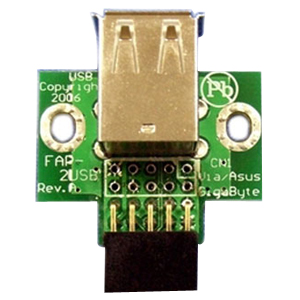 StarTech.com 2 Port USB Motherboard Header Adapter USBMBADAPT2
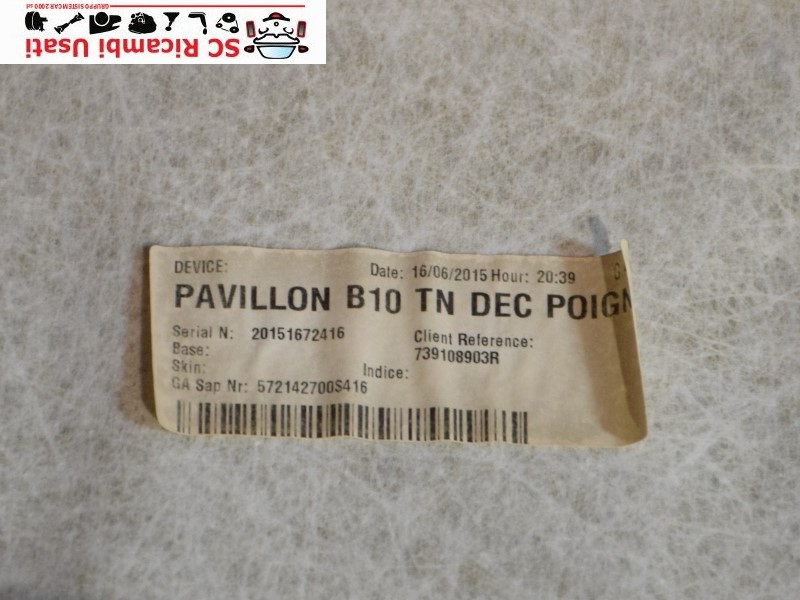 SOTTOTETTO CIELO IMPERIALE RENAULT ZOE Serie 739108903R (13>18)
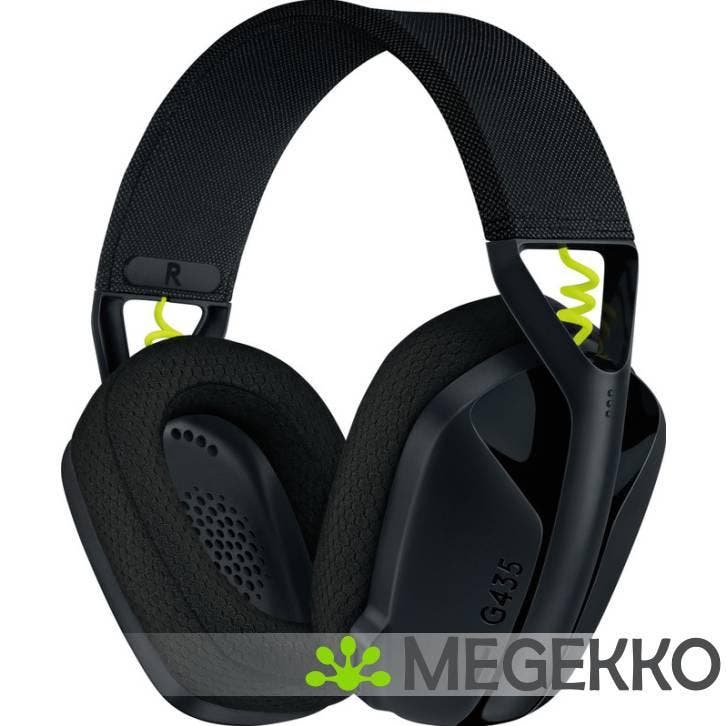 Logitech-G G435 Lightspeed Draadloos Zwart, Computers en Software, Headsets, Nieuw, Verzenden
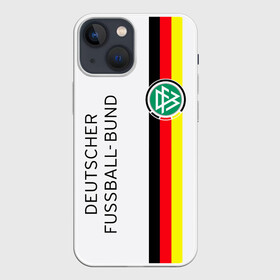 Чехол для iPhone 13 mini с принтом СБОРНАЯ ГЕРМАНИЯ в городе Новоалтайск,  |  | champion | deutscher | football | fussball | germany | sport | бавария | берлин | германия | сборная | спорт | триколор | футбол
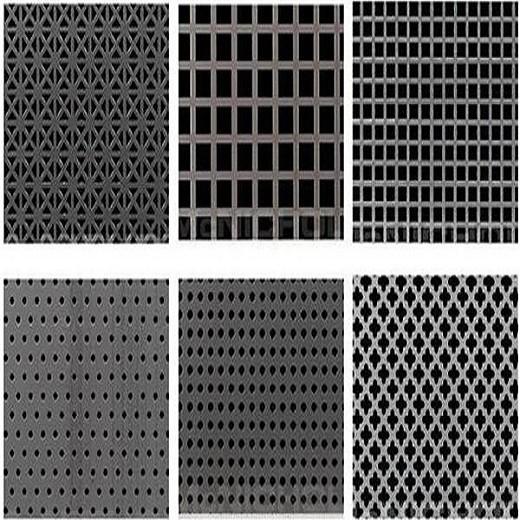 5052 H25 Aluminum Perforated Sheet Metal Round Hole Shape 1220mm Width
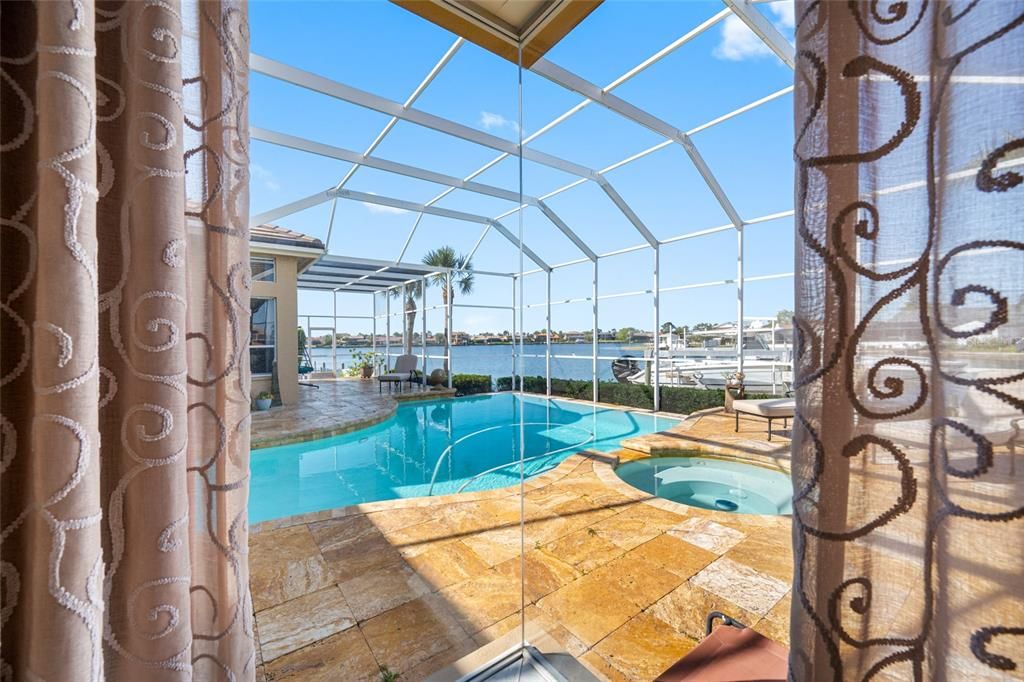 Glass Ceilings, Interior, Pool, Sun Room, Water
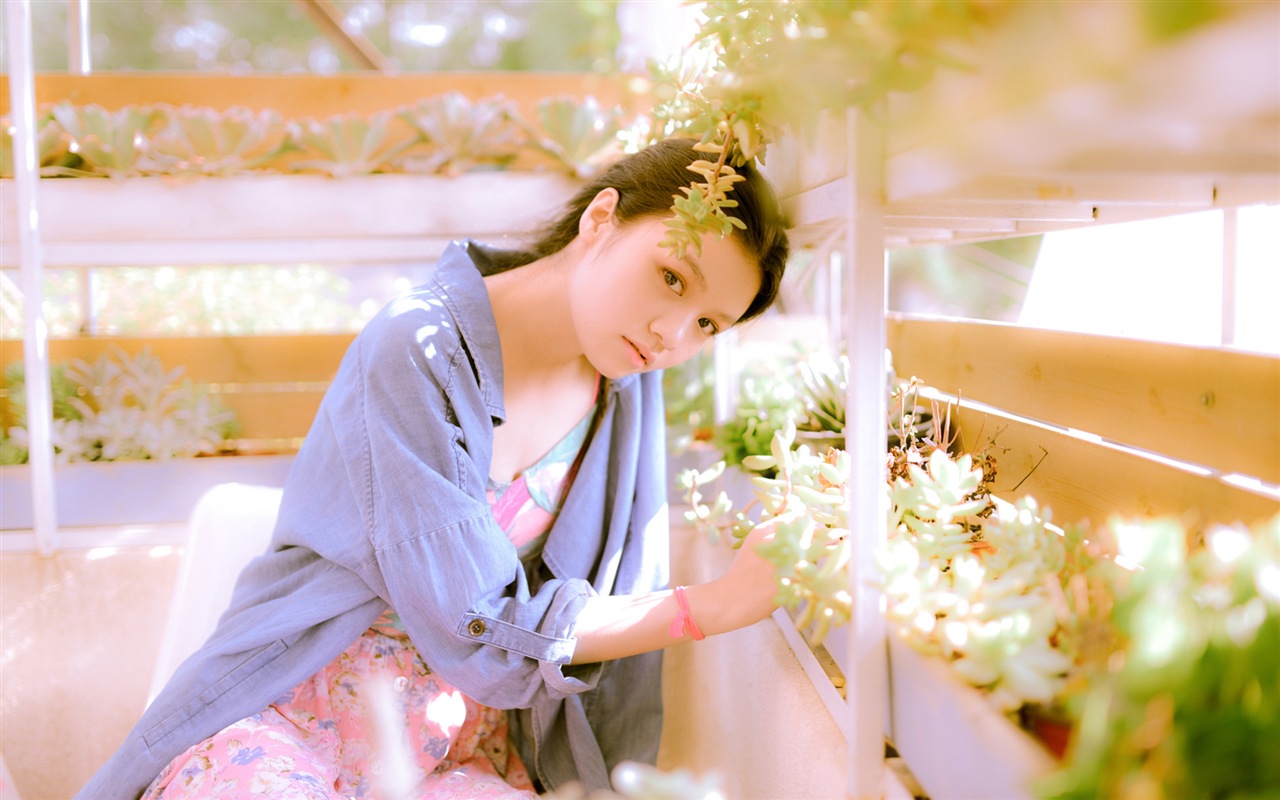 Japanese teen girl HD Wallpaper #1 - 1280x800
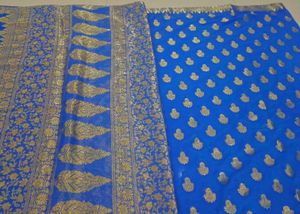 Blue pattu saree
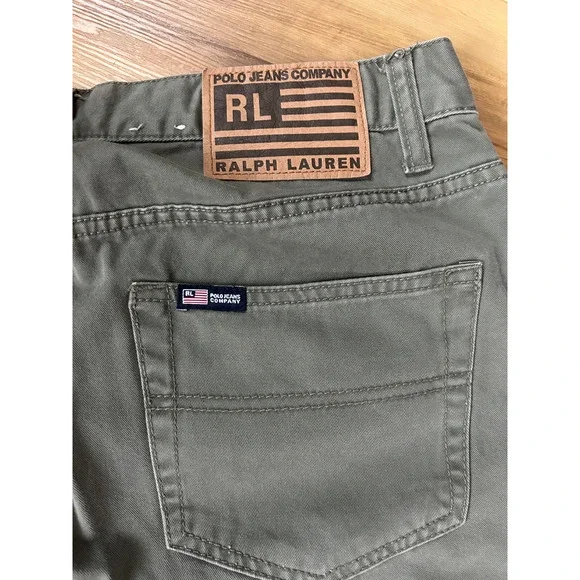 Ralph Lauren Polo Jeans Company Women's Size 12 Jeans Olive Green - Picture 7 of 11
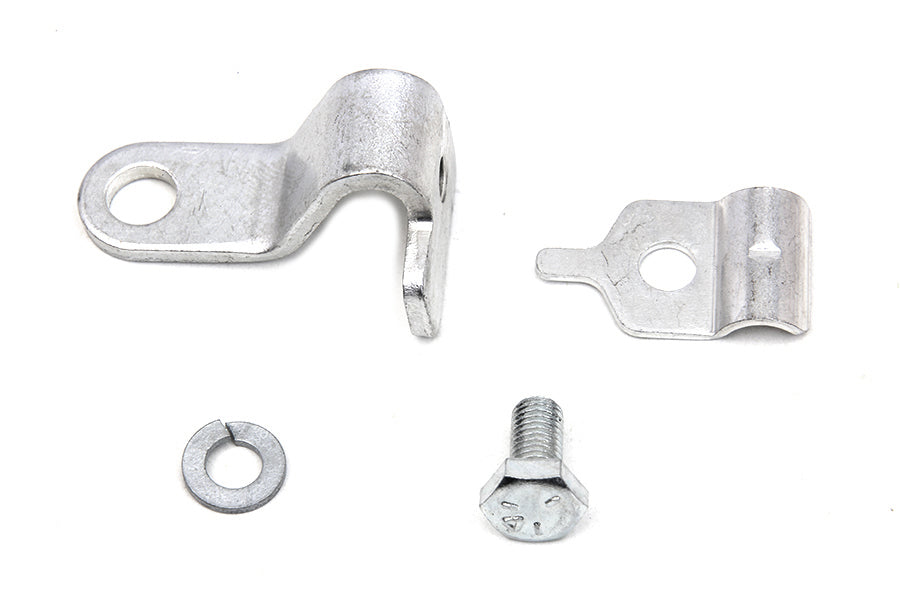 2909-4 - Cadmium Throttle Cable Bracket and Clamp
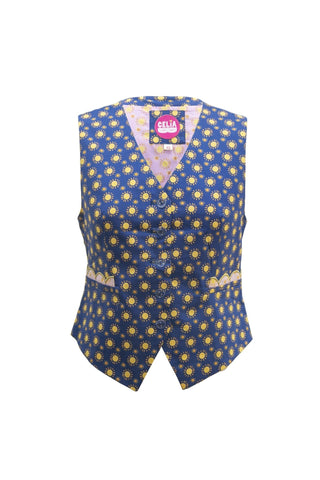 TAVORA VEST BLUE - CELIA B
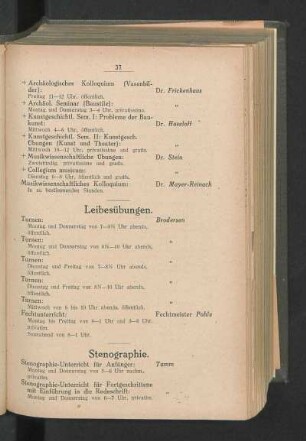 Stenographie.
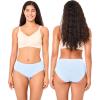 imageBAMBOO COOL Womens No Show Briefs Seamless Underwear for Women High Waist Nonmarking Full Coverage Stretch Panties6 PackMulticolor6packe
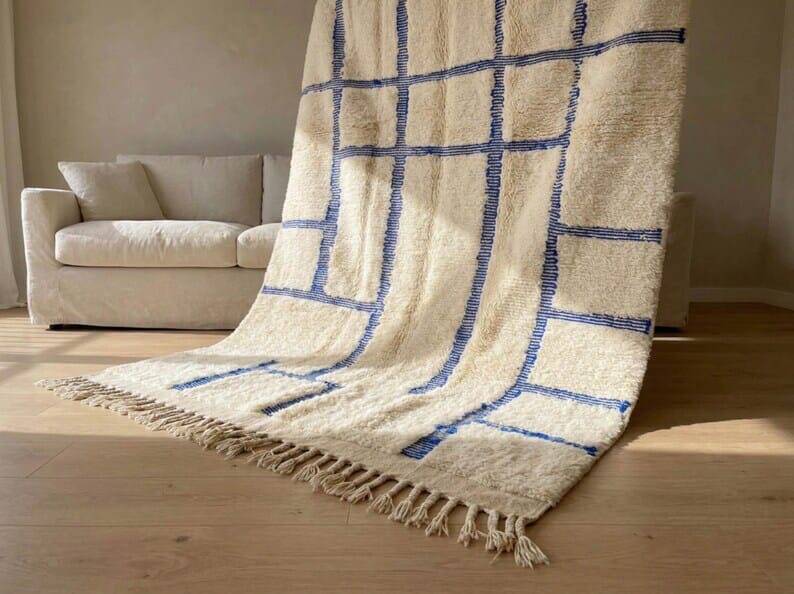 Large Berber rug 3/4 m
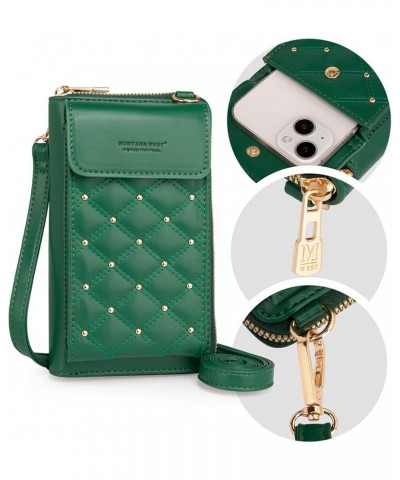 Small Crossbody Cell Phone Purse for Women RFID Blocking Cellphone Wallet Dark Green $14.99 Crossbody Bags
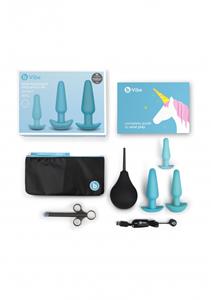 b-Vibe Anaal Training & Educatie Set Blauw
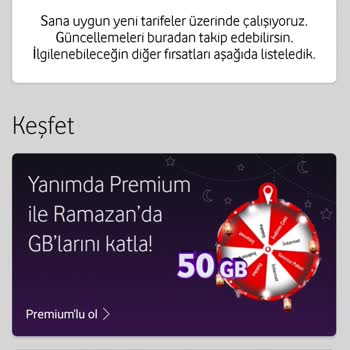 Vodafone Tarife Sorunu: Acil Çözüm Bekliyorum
+---+
_EXERCISE DIRECTIONS_
Set the pictures aside and retype exactly the lines above from the line with "Чехол для iPhone" to the line with "Stenographie.", both included, adding no others.

_WRITTEN SOLUTION_
 Чехол для iPhone 13 mini с принтом СБОРНАЯ ГЕРМАНИЯ в городе Новоалтайск,  |  | champion | deutscher | football | fussball | germany | sport | бавария | берлин | германия | сборная | спорт | триколор | футбол
 5052 H25 Aluminum Perforated Sheet Metal Round Hole Shape 1220mm Width
 Glass Ceilings, Interior, Pool, Sun Room, Water
 Japanese teen girl HD Wallpaper #1 - 1280x800
 Blue pattu saree
 Ralph Lauren Polo Jeans Company Women's Size 12 Jeans Olive Green - Picture 7 of 11
 2909-4 - Cadmium Throttle Cable Bracket and Clamp
 TAVORA VEST BLUE - CELIA B
 Stenographie.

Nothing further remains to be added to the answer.